Mesajı Okuyun
Old 17-05-2014, 00:52   #8
Fatih Kabadayı

 
Varsayılan Maaş haczine cevap verilmemesi halinde borçtan sorumluluk

Maaş haczi müzekkeresine cevap verilmemesini borçtan sorumluluk yönünden değerlendirecek olursak; Maaş haczine cevap vermeyen şahıs ise borçlunun asgari ücret aldığını varsayarak asgari ücretin 1/4'ü ile maaş kesintisi yapılmayan ay sayısını çarpıp çıkan miktar üzerinden şahsı borçtan sorumlu tutup haciz uyguluyoruz. Maaş haczine cevap vermeyen tüzel kişi-şirket ise haciz talebine aşağıdaki şekilde karar verip yetkililer hakkında haciz uyguluyoruz. Bence size fayda sağlayabilecek talep suç duyurusundan ziyade sorumlular hakkında haciz talep etmektir. Saygılar!

T.C.
BAKIRKÖY
4. İCRA DAİRESİ
... ESAS

Alacaklı vekilinin talebi tetkik edildi.
G.D. :
Konuya ilişkin olarak İcra ve İflas Kanunun 355. ve 356. maddelerini irdelemek gereği hasıl olmuştur. Şöyle ki ;
İİK 355 ; Devlet işlerinde veya hususi müesseselerde bulunan borçlu memur veya müstahdemlerin maaş ve ücretlerinden kesilmesi için icra dairelerinden yapılacak tebligatın kanuni muhatapları haczin icra edildiğini ve borçlunun maaş ve ücreti miktarını nihayet bir hafta içinde bildirmeğe ve borç bitinceye kadar icra dairesinin tebligatı mucibince haczolunan miktarı tevkif edip hemen daireye göndermeye mecburdurlar.

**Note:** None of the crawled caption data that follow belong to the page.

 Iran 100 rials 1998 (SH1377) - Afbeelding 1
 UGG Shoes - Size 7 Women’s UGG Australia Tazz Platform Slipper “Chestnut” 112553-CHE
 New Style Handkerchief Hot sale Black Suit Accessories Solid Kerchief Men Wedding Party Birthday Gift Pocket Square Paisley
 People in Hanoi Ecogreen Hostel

Memurun maaş, ücret veya memuriyetinde yahut başka bir şubeden maaş almağı mucip olacak surette vukubulacak tebeddülleri ve hizmetine nihayet verildiği takdirde bu keyfiyeti de malmemuru veya daire amiri yahut hususi müesseselerin kanuni muhatapları derhal icra dairesine bildirmeğe ve ikinci halde haciz muamelesinden o şube veya amirini haberdar etmeğe mecburdur.” Şeklindedir.

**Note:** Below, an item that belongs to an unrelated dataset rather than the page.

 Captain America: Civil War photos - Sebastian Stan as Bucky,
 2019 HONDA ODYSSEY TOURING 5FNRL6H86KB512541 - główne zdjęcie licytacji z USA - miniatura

İİK 356 Maddesi ise ; Yukardaki madde hükümlerine riayet etmemiş olanların kesmedikleri veya ilk vasıta ile göndermedikleri para ayrıca mahkemeden hüküm alınmasına hacet kalmaksızın icra dairesince maaşlarından veya sair mallarından alınır.
Bunların borçluya kanun hükümleri dairesinde rücu hakkı vardır. Yukarki madde hükümlerine riayet etmiyen her hangi bir memur veya amir hakkında istenecek malümatın icra dairesine hemen verilmesi bunların mensup olduğu dairenin vazifesidir.”şeklindedir.

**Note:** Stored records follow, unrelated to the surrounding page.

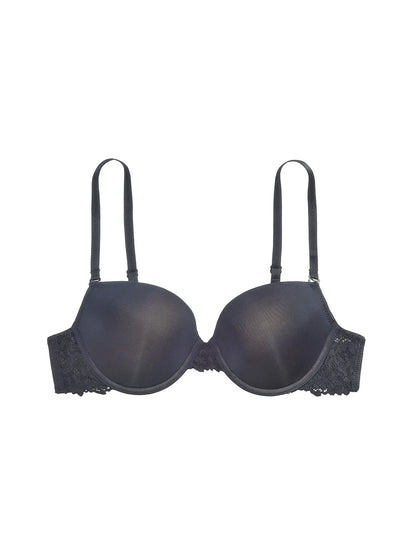 Grace Multi-Way Push Up Strapless Bra - Black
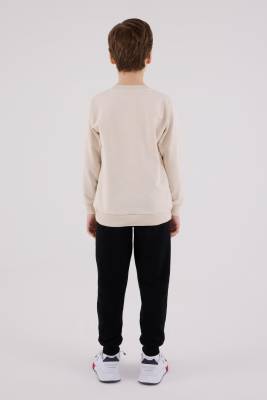 ERKEK ÇOCUK EŞOFMAN TAKIMI Üç İplik Şardonsuz - 11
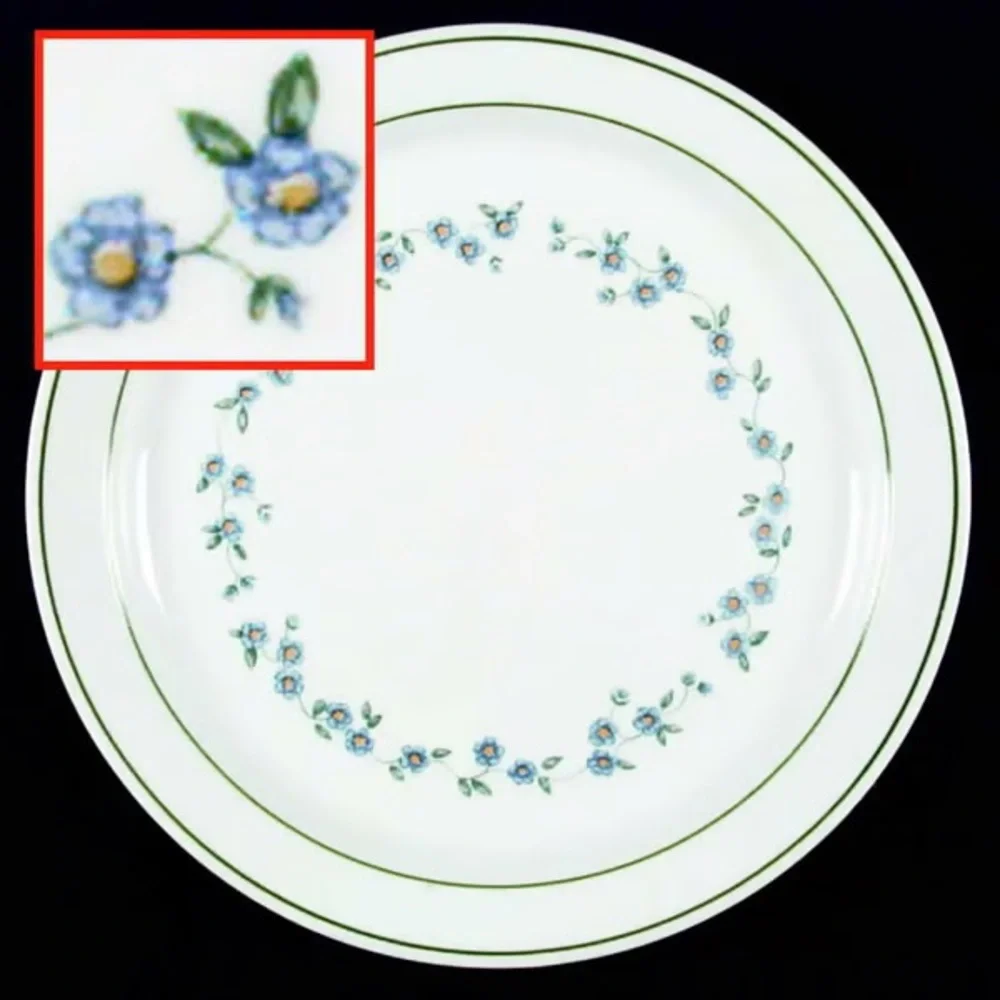 Corningware forget me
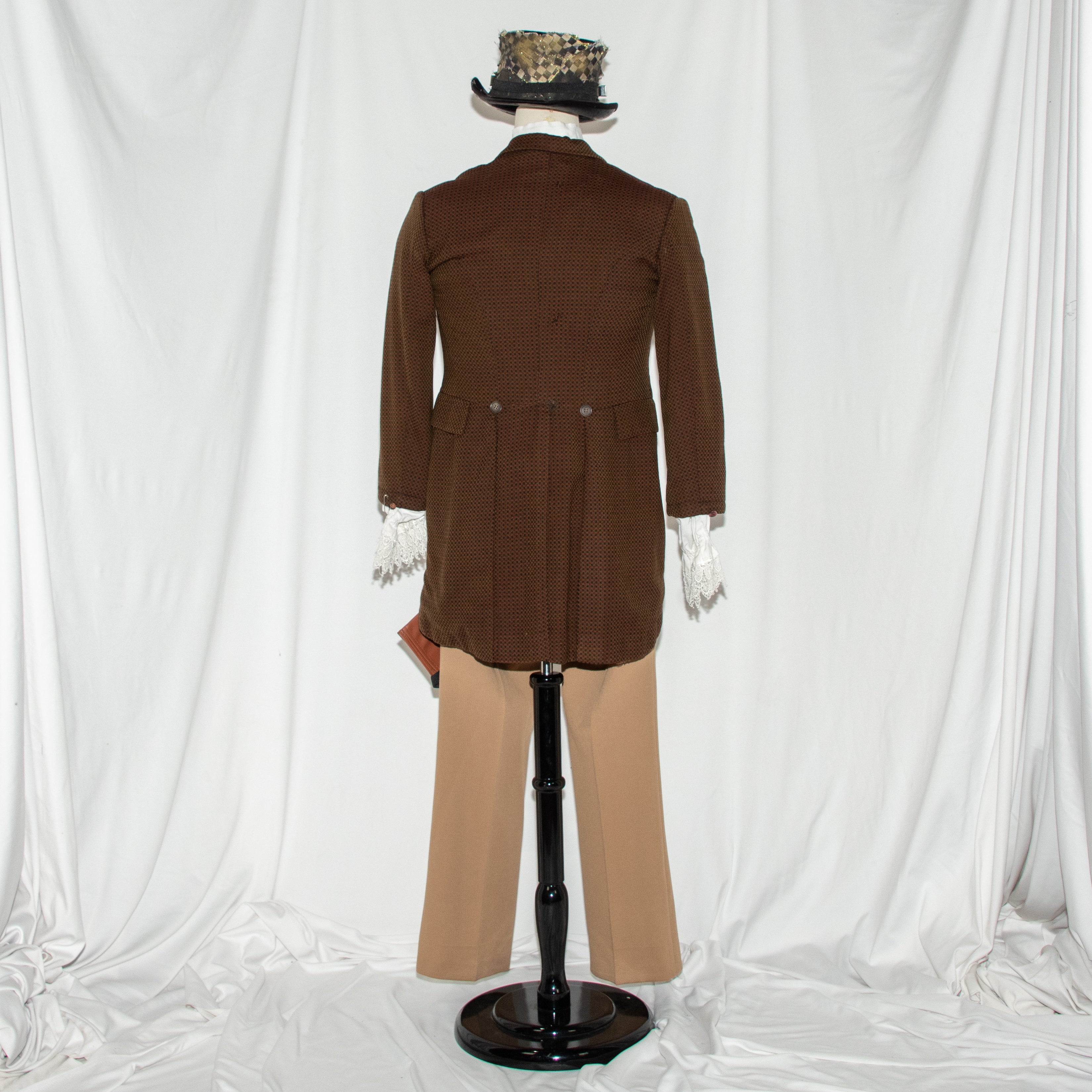 Steampunk'd Victorian Costume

İİK 357. Maddesi ise “İcra dairesince kanuna göre yapılan tebliğ ve emirleri derhal yapmağa ve neticesini geciktirmeksizin icra dairesine bildirmeğe alakadarlar mecburdur. Makbul sebep haricinde tebliğ ve emirleri yapmayanlar hakkında ait olduğu dairece tahkikatı evveliyeye hacet kalmaksızın Cumhuriyet Savcılığınca doğrudan doğruya takibat yapılır” şeklindedir.
5326 sayılı Kabahatler Kanuna göre ise ;
Emre aykırı davranış: Madde 32 - (1) Yetkili makamlar tarafından adlî işlemler nedeniyle ya da kamu güvenliği, kamu düzeni veya genel sağlığın korunması amacıyla, hukuka uygun olarak verilen emre aykırı hareket eden kişiye yüz Türk Lirası idarî para cezası verilir. Bu cezaya emri veren makam tarafından karar verilir.
(2) Bu madde, ancak ilgili kanunda açıkça hüküm bulunan hallerde uygulanabilir.
(3) 1.3.1926 tarihli ve 765 sayılı Türk Ceza Kanununun 526 ncı maddesine diğer kanunlarda yapılan yollamalar, bu maddeye yapılmış sayılır.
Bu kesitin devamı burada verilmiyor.